Konerko hit a career-high 41 homers in 2004 and followed that up with 40 more in the 2005 World Series championship season. He had five other seasons with at least 30 dingers, was a six-time All-Star and was fifth in the MVP voting in 2010 after a .312/.393/.584 season that included 39 homers and 111 RBI.
He played in three postseasons with Chicago — 2000, 2005 and 2008 — and hit a franchise postseason record seven homers, with five of those coming in 53 plate appearances in the 2005 playoffs.
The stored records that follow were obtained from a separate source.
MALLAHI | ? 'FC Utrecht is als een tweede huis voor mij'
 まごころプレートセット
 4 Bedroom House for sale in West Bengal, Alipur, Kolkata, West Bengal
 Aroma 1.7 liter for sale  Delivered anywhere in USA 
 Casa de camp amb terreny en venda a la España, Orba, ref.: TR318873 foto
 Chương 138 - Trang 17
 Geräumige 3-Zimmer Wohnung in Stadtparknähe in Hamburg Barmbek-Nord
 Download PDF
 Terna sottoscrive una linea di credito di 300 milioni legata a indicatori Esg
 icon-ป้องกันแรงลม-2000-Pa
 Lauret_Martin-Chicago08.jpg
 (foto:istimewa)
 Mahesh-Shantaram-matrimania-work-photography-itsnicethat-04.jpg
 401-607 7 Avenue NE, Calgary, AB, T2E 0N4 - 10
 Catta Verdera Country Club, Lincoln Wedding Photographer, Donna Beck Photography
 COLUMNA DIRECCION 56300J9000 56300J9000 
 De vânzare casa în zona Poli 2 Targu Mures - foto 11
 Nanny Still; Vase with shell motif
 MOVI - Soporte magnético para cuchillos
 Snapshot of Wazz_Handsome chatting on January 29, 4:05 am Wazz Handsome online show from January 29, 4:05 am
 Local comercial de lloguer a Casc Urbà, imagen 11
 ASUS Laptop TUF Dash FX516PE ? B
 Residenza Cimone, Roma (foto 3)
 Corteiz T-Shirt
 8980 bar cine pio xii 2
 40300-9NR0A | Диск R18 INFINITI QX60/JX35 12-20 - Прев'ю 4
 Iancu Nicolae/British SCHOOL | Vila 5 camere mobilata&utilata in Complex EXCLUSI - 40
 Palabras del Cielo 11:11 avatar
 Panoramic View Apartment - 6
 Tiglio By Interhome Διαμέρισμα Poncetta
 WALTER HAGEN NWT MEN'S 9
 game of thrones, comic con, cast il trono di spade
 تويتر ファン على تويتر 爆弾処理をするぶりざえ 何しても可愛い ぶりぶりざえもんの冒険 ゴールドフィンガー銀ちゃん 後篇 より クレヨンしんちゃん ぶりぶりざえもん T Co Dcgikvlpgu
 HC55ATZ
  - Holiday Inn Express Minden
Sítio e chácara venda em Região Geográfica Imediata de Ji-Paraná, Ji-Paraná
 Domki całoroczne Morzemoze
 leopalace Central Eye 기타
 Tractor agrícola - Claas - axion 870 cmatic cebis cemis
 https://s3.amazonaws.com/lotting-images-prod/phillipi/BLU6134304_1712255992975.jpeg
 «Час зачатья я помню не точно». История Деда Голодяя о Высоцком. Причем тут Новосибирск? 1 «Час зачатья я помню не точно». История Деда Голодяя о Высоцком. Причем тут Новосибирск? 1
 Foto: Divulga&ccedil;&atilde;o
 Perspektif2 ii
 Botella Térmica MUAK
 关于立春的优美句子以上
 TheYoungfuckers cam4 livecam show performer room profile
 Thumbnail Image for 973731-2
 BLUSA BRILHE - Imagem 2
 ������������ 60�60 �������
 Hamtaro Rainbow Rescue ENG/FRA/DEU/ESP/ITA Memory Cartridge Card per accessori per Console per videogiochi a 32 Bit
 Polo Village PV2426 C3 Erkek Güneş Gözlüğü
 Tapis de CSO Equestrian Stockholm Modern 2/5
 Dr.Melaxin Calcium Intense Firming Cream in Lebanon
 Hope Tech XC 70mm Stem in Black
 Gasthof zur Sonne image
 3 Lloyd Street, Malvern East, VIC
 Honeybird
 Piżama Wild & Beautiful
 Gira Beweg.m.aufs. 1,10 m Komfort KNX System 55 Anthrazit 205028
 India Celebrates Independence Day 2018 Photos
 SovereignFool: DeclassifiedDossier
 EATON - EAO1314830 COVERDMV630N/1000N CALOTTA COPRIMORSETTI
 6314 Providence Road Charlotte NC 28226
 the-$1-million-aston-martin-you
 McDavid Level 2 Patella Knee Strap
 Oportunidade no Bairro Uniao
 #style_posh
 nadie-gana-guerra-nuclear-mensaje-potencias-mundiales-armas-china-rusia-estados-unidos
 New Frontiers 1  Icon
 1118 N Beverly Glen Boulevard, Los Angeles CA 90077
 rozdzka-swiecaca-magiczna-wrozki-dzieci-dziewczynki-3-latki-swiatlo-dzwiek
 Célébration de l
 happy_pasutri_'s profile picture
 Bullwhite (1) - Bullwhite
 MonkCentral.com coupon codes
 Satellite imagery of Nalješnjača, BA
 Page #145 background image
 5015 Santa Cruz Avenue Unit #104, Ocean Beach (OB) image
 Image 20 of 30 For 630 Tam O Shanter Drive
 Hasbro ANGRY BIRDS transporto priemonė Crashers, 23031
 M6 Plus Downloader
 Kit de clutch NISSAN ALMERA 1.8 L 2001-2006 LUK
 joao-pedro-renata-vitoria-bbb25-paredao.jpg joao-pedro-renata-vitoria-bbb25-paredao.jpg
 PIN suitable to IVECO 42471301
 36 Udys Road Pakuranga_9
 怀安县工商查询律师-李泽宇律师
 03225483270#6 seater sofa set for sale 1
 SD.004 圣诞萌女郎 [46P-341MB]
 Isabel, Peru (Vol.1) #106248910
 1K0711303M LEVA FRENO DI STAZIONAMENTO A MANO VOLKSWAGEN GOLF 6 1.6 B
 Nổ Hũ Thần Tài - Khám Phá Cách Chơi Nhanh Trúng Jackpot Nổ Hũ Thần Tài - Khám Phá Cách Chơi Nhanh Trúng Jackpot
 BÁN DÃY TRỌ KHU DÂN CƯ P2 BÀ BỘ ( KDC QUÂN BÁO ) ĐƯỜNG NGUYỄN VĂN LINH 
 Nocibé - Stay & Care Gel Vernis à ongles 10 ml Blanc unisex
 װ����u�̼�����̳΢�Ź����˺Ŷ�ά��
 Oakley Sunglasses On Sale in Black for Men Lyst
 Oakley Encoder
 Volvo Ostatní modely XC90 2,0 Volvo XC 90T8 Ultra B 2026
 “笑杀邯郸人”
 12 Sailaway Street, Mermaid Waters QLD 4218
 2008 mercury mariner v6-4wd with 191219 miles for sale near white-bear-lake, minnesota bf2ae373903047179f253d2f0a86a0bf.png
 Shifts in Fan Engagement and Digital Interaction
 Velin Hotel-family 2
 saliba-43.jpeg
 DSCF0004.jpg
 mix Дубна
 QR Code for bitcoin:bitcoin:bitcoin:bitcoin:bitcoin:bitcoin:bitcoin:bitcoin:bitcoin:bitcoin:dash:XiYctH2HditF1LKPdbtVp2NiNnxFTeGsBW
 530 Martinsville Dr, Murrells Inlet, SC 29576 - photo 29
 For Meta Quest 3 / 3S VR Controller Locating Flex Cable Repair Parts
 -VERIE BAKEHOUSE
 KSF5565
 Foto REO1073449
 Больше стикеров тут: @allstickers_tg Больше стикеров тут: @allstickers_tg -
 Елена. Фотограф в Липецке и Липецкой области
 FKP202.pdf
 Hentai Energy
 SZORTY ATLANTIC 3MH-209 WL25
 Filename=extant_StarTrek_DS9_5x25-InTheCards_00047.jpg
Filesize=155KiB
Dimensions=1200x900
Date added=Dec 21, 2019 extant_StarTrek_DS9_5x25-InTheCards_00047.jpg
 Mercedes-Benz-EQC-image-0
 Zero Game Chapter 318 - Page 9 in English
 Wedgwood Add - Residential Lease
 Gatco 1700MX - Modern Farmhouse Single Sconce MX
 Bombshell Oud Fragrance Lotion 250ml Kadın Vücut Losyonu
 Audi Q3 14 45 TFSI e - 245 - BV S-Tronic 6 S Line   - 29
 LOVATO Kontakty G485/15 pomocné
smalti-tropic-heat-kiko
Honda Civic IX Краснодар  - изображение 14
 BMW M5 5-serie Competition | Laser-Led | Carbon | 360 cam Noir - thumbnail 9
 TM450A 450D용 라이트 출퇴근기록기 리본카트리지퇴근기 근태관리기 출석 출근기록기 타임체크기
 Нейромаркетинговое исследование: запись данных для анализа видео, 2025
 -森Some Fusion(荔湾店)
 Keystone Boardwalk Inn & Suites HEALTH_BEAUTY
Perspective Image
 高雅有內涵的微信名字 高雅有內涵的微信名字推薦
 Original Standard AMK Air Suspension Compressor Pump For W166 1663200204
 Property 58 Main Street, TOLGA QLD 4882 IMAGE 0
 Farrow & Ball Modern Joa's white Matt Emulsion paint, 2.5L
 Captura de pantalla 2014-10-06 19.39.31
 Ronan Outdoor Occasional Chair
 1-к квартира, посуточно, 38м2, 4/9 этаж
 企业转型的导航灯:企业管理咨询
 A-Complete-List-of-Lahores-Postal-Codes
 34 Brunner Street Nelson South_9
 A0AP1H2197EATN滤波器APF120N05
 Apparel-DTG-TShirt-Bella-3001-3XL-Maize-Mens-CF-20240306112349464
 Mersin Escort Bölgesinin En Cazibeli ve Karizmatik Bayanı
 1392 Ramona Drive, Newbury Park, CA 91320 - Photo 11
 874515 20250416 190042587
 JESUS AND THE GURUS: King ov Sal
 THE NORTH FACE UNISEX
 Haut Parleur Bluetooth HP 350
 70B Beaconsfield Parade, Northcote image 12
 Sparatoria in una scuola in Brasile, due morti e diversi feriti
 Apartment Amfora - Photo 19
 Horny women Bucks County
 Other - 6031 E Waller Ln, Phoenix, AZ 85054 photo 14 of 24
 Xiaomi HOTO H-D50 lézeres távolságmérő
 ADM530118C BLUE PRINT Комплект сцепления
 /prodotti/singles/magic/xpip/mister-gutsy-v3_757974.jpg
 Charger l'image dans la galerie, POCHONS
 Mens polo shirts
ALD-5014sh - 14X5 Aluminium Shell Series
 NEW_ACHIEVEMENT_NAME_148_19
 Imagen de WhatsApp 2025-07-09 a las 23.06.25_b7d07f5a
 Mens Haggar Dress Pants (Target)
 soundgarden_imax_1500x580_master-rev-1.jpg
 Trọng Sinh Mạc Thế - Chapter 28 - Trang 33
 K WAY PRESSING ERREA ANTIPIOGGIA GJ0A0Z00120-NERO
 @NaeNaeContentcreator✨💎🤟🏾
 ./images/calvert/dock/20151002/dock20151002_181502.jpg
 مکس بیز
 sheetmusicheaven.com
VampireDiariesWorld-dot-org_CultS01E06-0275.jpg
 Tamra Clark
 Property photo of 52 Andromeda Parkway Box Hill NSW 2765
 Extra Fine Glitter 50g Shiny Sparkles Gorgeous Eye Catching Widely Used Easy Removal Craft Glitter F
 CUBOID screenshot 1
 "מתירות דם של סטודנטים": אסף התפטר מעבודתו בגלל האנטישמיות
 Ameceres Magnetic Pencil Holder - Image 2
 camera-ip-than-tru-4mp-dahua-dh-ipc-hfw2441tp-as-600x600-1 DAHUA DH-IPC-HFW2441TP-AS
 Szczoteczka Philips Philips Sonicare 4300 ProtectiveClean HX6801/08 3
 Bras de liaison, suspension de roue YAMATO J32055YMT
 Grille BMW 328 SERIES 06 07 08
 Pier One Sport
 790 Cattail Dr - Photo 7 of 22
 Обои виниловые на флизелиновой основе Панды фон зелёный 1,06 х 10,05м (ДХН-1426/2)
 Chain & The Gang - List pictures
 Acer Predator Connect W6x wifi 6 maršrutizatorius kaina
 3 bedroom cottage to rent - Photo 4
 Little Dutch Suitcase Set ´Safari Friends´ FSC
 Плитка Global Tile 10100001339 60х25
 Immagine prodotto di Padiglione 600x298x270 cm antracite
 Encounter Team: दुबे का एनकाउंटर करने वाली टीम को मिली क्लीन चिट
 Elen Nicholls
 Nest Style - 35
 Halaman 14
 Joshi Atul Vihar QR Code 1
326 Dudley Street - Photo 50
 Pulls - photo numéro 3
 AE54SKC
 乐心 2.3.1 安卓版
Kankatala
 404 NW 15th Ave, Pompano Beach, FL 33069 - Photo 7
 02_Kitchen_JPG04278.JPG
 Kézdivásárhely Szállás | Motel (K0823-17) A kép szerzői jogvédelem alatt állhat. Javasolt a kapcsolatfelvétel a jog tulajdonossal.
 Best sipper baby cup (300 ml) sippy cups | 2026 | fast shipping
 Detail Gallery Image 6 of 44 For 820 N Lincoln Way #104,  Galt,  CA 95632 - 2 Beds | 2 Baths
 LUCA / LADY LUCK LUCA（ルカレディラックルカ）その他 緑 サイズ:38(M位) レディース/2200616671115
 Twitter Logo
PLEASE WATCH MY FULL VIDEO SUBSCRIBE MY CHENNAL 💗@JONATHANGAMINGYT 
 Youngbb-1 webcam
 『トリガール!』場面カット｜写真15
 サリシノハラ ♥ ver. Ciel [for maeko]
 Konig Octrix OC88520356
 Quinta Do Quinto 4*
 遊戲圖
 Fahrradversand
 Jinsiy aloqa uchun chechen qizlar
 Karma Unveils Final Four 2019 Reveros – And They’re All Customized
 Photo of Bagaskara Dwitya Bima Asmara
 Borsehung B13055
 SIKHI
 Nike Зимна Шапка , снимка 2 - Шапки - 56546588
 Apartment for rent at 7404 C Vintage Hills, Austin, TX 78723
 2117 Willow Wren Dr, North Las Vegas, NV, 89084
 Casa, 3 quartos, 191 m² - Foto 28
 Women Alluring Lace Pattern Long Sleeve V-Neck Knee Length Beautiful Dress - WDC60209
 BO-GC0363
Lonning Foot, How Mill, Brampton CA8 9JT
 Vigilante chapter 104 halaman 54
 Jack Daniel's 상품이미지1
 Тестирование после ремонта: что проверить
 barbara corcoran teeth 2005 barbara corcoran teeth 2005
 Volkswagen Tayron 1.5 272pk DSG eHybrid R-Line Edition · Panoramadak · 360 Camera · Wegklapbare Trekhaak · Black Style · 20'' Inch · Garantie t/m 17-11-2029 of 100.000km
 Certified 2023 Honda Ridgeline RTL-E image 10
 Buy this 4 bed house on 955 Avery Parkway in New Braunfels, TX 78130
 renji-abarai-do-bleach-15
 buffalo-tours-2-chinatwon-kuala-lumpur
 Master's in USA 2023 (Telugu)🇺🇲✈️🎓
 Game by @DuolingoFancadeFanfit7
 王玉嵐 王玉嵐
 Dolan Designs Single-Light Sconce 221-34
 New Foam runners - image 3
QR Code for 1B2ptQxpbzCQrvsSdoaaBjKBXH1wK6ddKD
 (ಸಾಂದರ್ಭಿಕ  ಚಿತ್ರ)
That included a seventh-inning grand slam in Game 2 of the World Series off Chad Qualls that gave the Sox a 6-4 lead.
White Sox all-time home run hitters – No. 1: Frank Thomas
448 home runs from 1990-2005
Frank Thomas played the first 16 of his 19 big-league seasons with the Chicago White Sox, earning back-to-back Most Valuable Player awards in 1993 and 1994 while being named to five All-Star appearances and winning four Silver Slugger awards.
Thomas was runner-up for the MVP award in 2000, when he had a career-high 143 RBI, and finished third in the voting in both 1991 and 1997.
He debuted on Aug. 2, 1990, a little more than a year after the White Sox made Thomas the seventh overall pick in the June Amateur Draft. More well-known at the time for being Bo Jackson‘s fullback at Auburn, Thomas quickly made himself known as a force on the diamond.
His first career home run came on Aug. 28, 1990, at the Metrodome in Minneapolis off Minnesota Twins lefty Gary Wayne. But the floodgates unleashed for Thomas in his first full season, with 32 homers in 1991. He topped the 40-homer mark five times (1993, 1995, 1996, 2000, 2003), while winning the American League batting title with a .347 mark in 1997.
He also led the AL in OPS four times and in OPS+ in three different seasons.
Thomas was just 6-for-26 in two postseason appearances with Chicago, the 1993 ALCS loss to the Toronto Blue Jays and a 2000 ALDS loss to the Seattle Mariners. He missed the 2005 postseason run to the World Series title with a shoulder injury.
The White Sox let Thomas walk after the 2005 season, not making an offer to the free agent, who had 39 homers in 2006 with the Oakland Athletics and clouted 26 with the Toronto Blue Jays in 2007.
He was a first-ballot Hall of Famer in 2014.